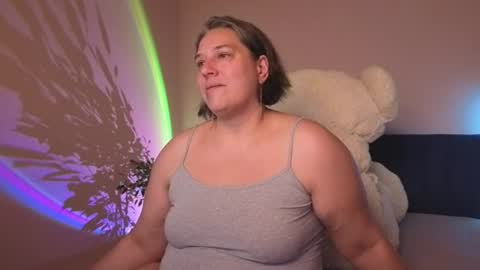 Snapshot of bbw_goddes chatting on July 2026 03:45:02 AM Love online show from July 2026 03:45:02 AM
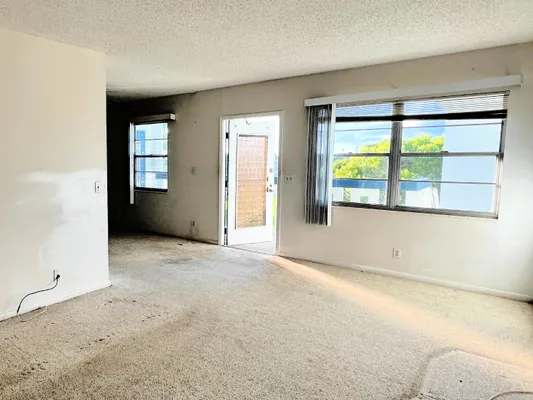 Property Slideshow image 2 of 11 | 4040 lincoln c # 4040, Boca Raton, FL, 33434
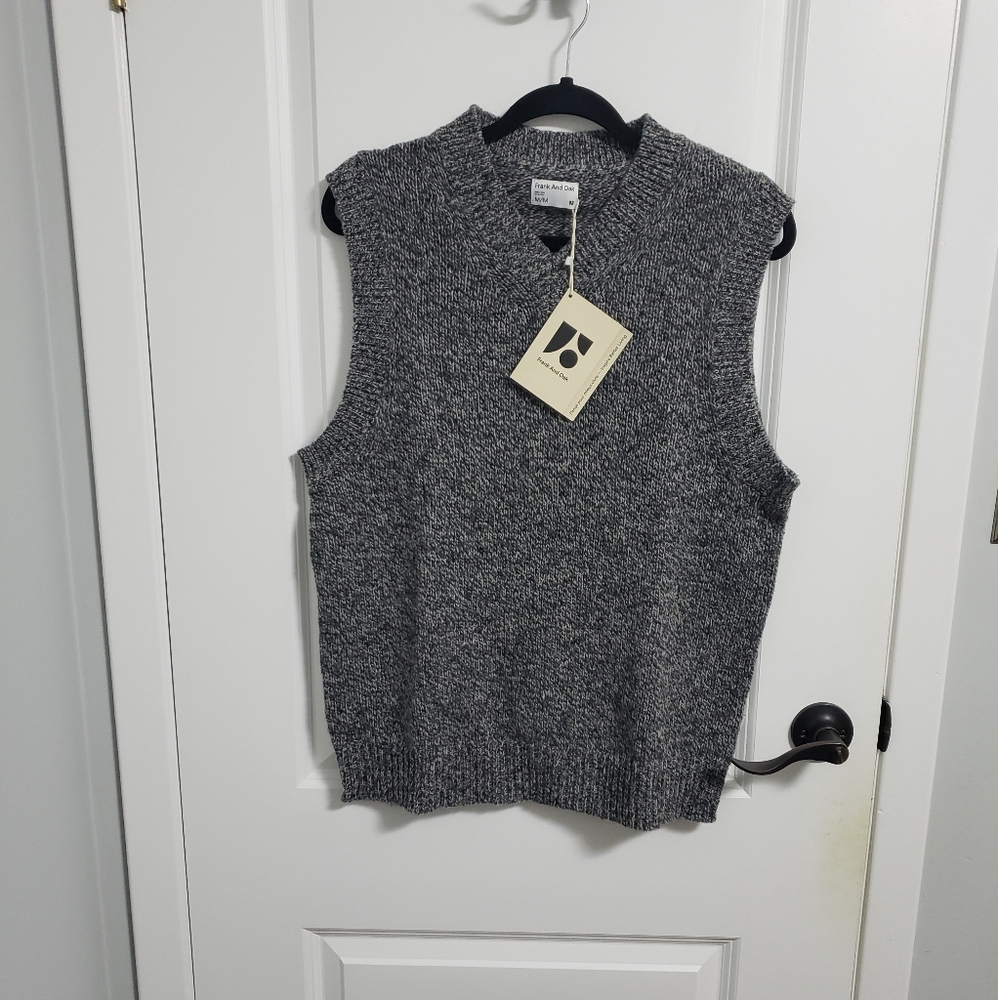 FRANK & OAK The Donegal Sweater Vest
==
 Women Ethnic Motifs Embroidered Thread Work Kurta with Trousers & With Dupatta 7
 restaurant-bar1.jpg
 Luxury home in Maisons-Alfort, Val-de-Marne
...
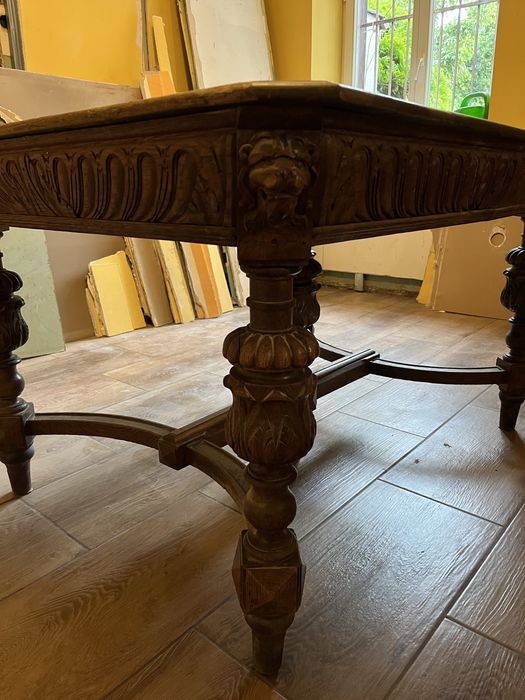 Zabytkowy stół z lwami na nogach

● Problem statement
Look above for the line containing "Snapshot of bbw_goddes" and the line containing "FRANK & OAK The Donegal Sweater Vest", then reproduce both and everything between them exactly, pictures omitted.

● Output below
 Snapshot of bbw_goddes chatting on July 2026 03:45:02 AM Love online show from July 2026 03:45:02 AM
 Property Slideshow image 2 of 11 | 4040 lincoln c # 4040, Boca Raton, FL, 33434
 FRANK & OAK The Donegal Sweater Vest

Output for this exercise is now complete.